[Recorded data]
Start of Block

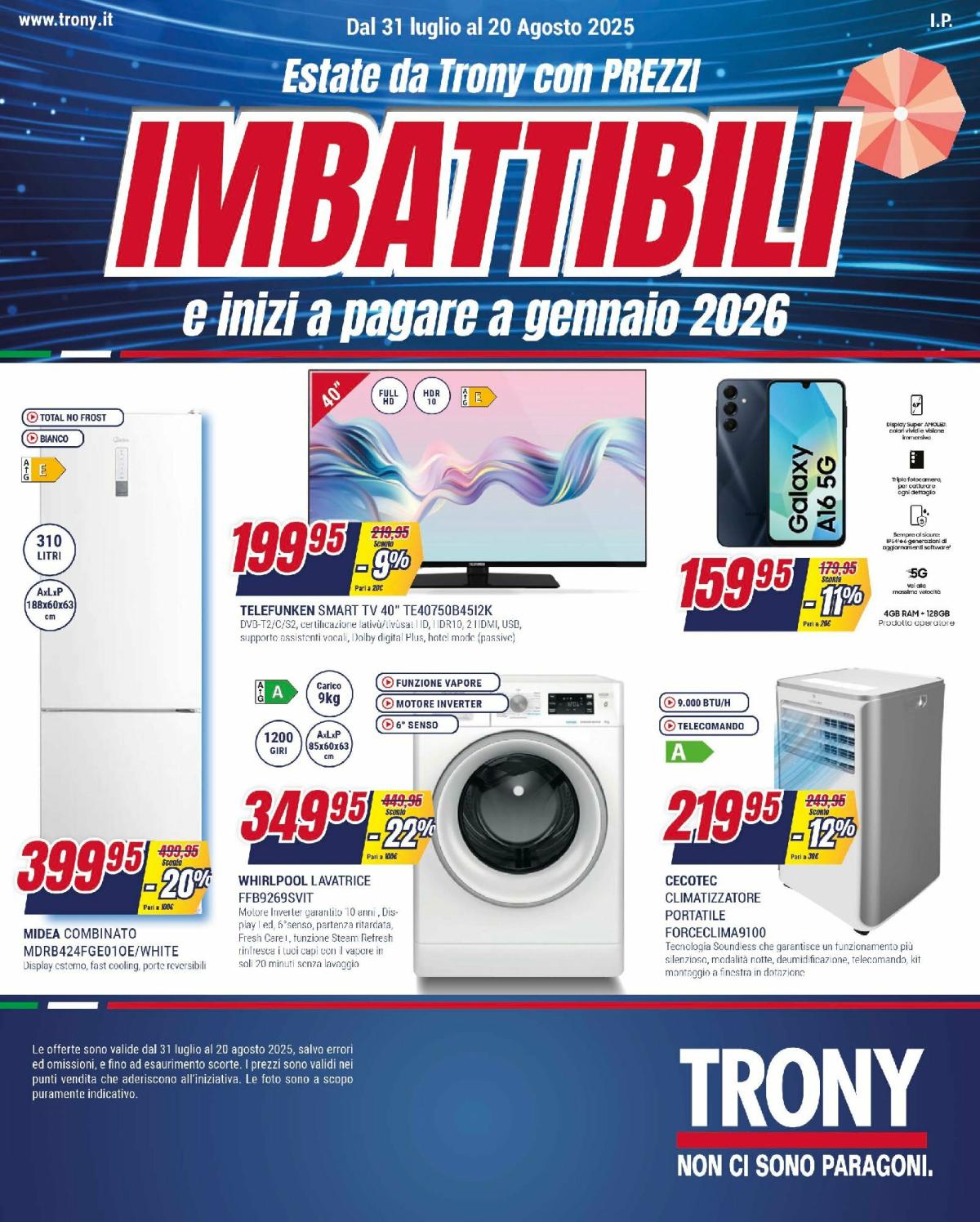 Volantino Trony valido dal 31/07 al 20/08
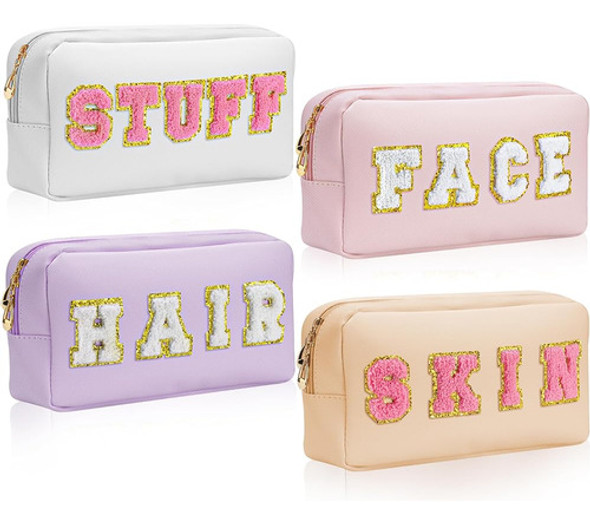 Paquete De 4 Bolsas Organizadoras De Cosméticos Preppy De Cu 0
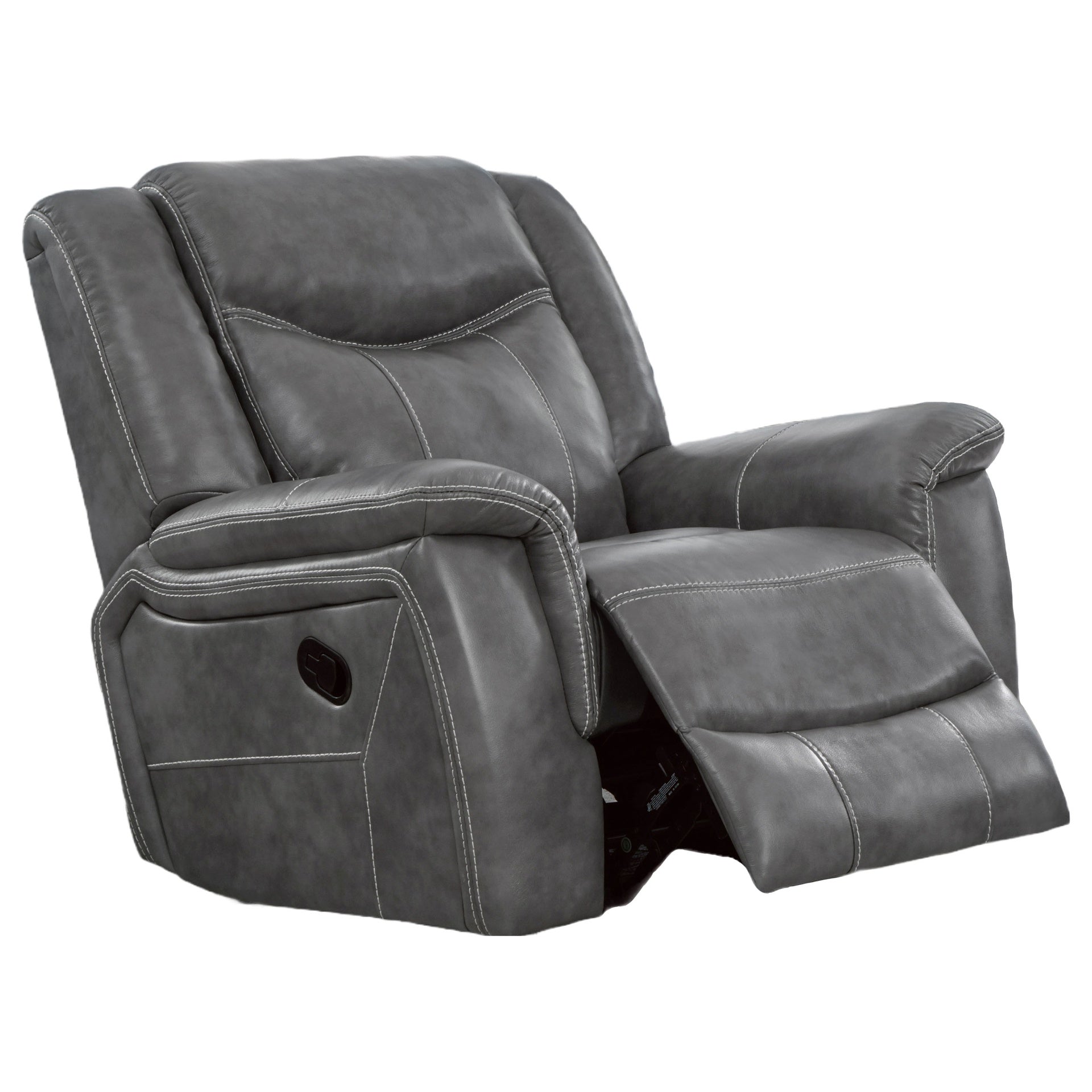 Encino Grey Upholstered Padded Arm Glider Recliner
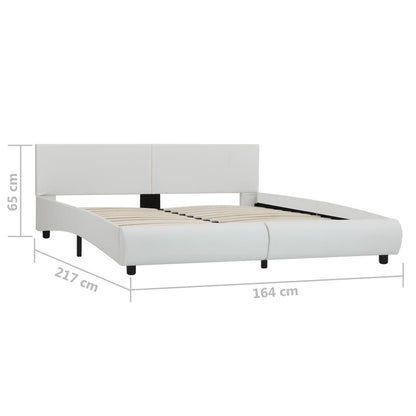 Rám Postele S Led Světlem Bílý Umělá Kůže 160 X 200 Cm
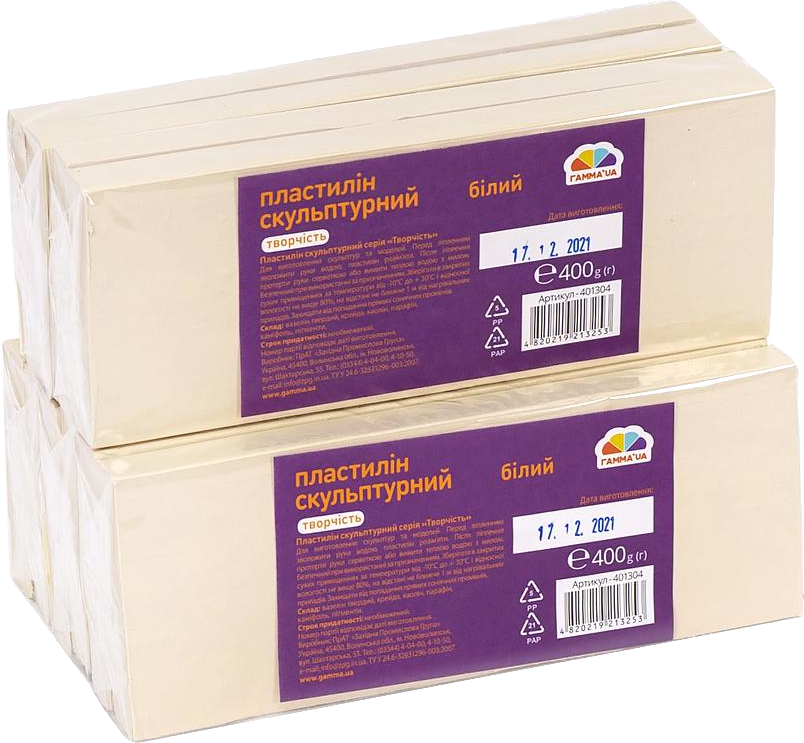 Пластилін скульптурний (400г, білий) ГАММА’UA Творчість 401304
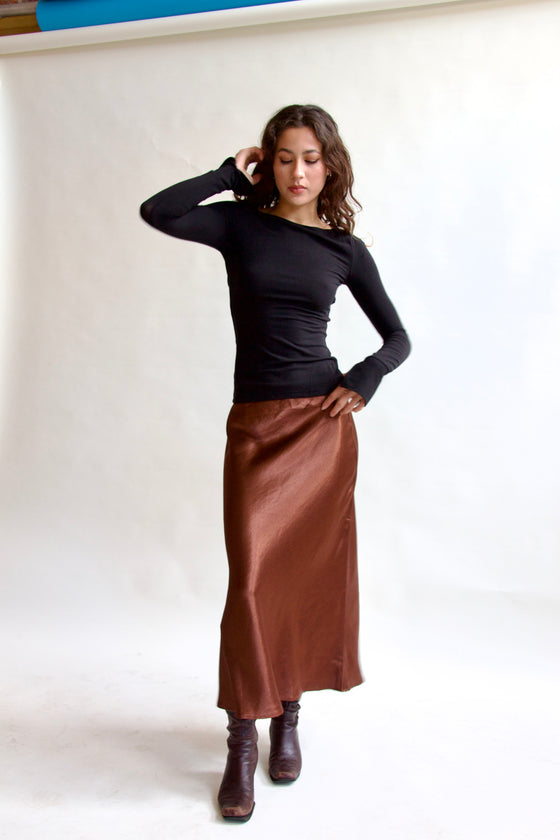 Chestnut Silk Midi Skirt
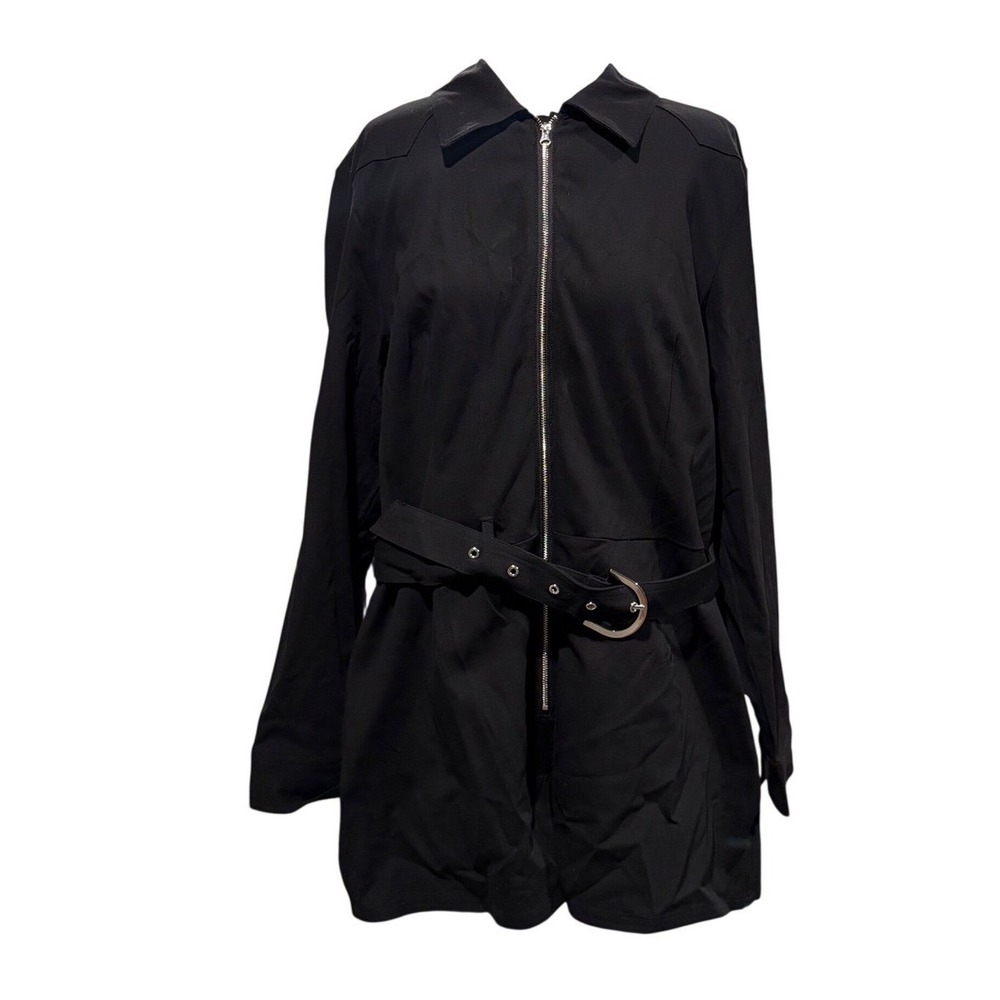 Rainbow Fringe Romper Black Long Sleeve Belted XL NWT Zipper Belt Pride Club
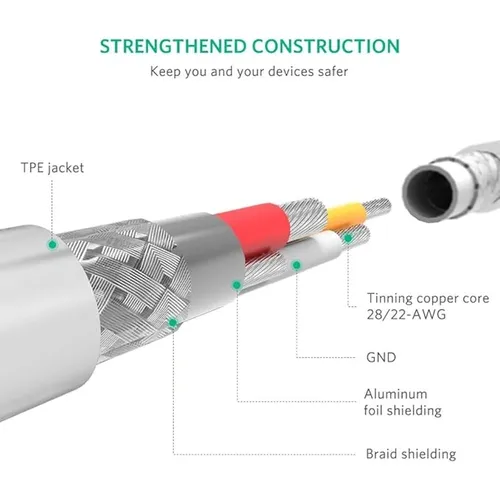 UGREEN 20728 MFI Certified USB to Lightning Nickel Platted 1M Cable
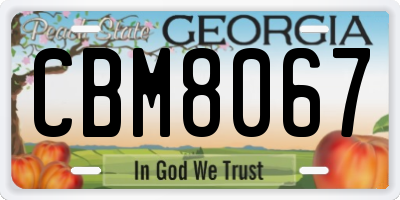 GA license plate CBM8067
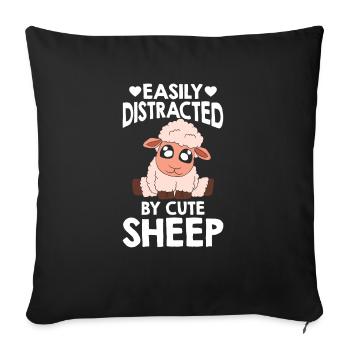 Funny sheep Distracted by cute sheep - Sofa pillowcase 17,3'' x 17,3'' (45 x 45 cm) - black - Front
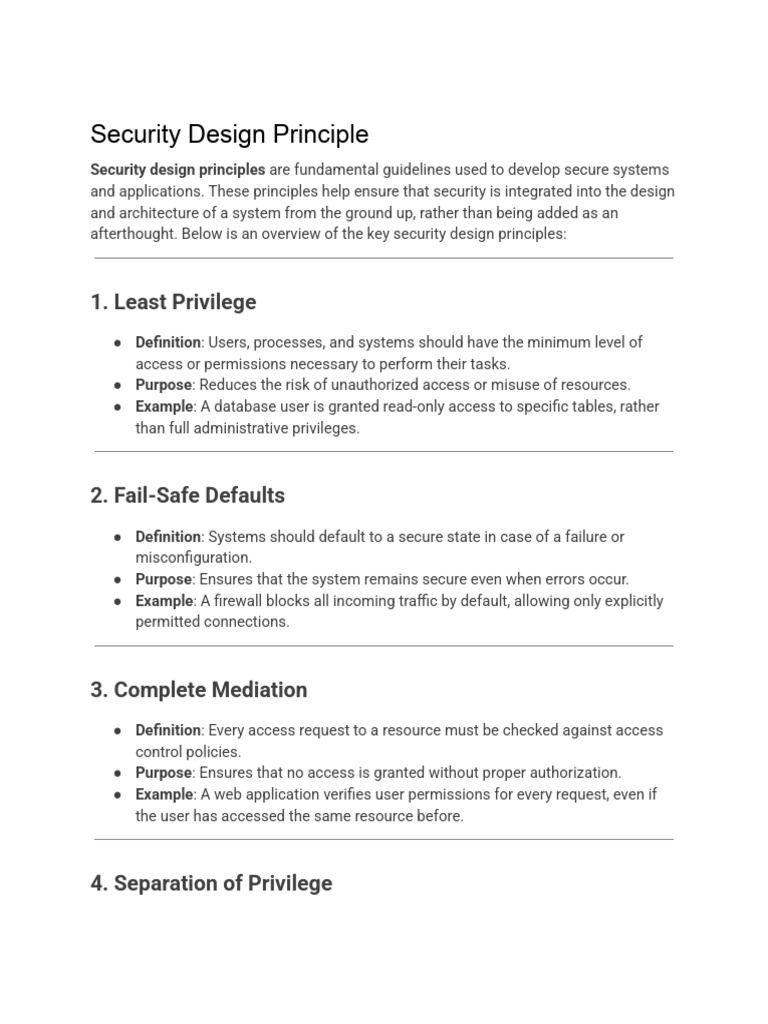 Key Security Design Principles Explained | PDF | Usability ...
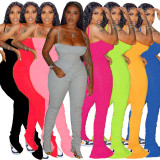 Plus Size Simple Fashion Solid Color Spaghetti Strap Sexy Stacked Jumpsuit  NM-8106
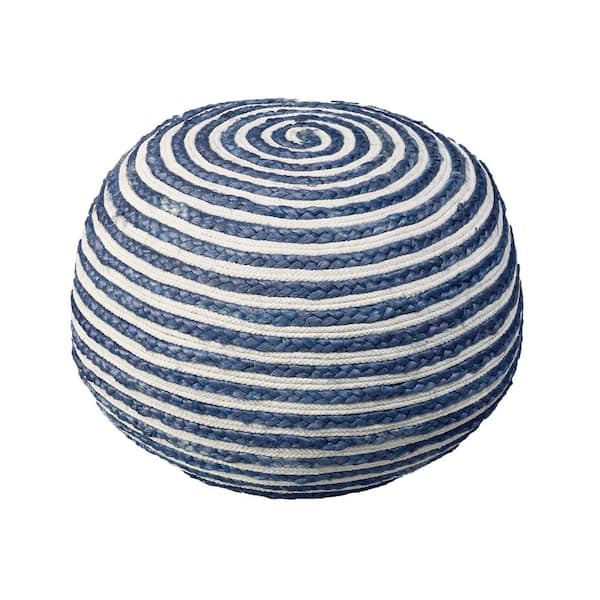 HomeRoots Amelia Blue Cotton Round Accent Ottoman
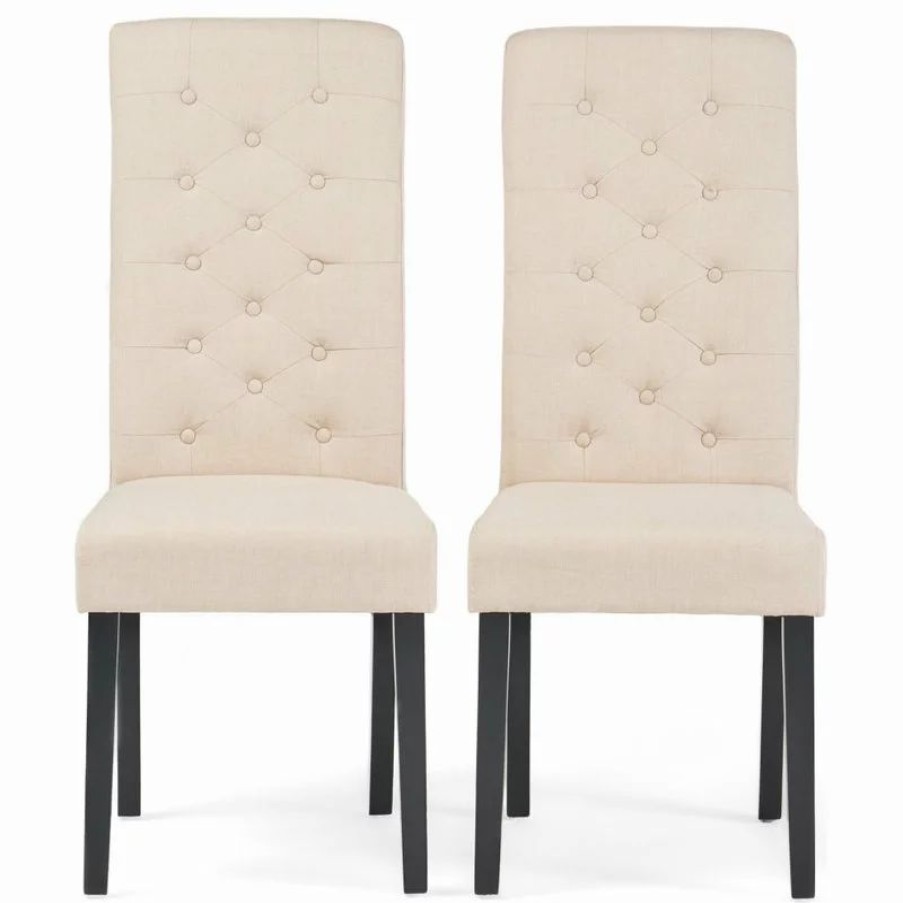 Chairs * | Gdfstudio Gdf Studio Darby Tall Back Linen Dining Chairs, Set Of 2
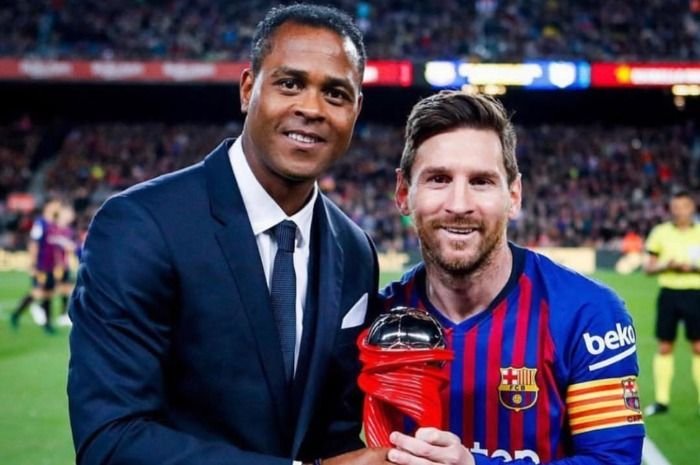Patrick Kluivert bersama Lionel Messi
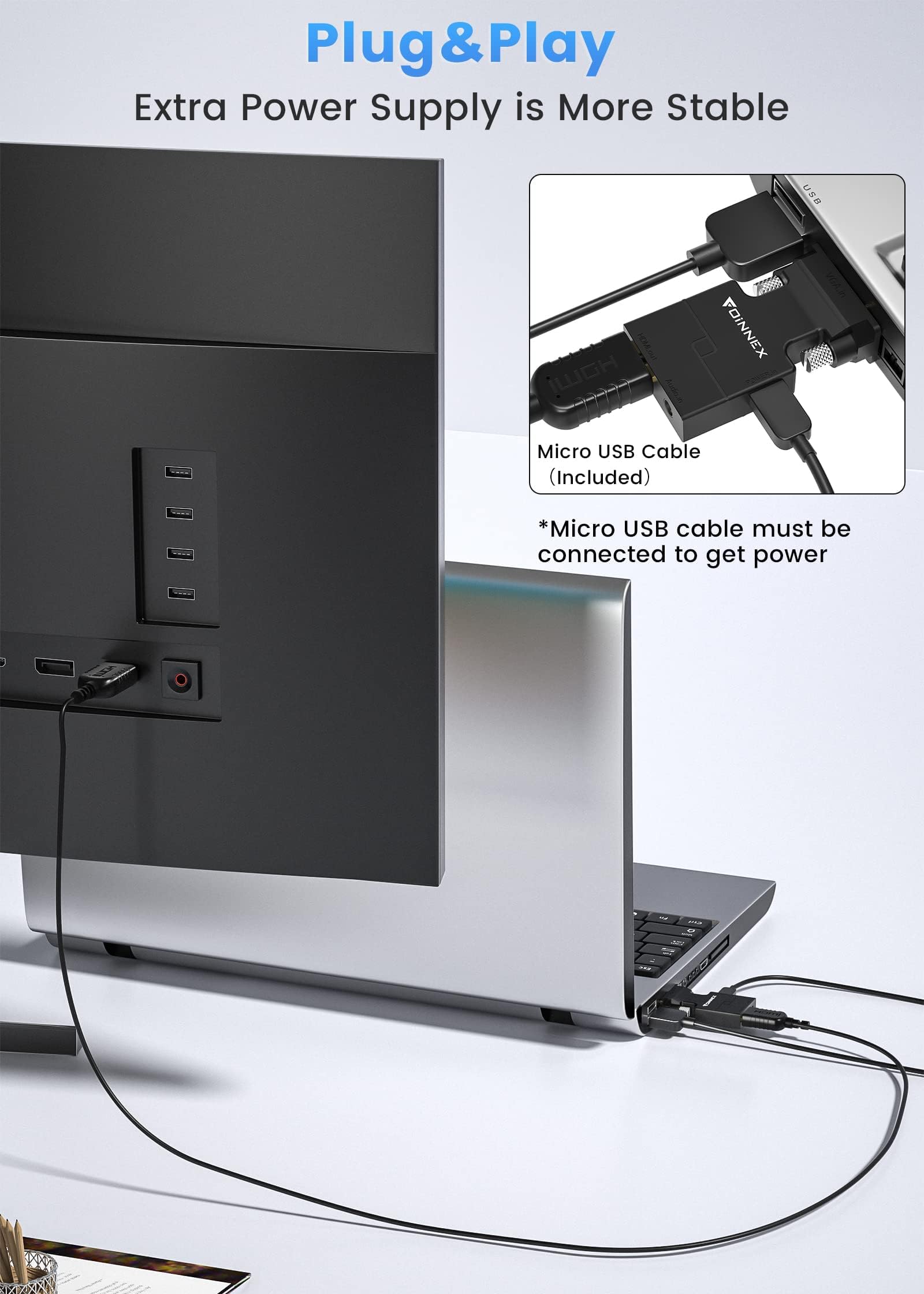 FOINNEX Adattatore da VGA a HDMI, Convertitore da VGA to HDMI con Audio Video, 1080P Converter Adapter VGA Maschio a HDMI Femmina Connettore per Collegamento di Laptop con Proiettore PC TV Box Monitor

End of Block

== BRIEF ==
From the line containing "Chestnut Silk Midi Skirt" through the last line of the records, both included, output those lines exactly and nothing else; skip the pictures.

== EXPECTED ANSWER ==
 Chestnut Silk Midi Skirt
 Rainbow Fringe Romper Black Long Sleeve Belted XL NWT Zipper Belt Pride Club
 UGREEN 20728 MFI Certified USB to Lightning Nickel Platted 1M Cable
 GA license plate CBM8067
 Funny sheep Distracted by cute sheep - Sofa pillowcase 17,3'' x 17,3'' (45 x 45 cm) - black - Front
 Key Security Design Principles Explained | PDF | Usability ...
 Plus Size Simple Fashion Solid Color Spaghetti Strap Sexy Stacked Jumpsuit  NM-8106
 HomeRoots Amelia Blue Cotton Round Accent Ottoman
 Chairs * | Gdfstudio Gdf Studio Darby Tall Back Linen Dining Chairs, Set Of 2
Patrick Kluivert bersama Lionel Messi
 FOINNEX Adattatore da VGA a HDMI, Convertitore da VGA to HDMI con Audio Video, 1080P Converter Adapter VGA Maschio a HDMI Femmina Connettore per Collegamento di Laptop con Proiettore PC TV Box Monitor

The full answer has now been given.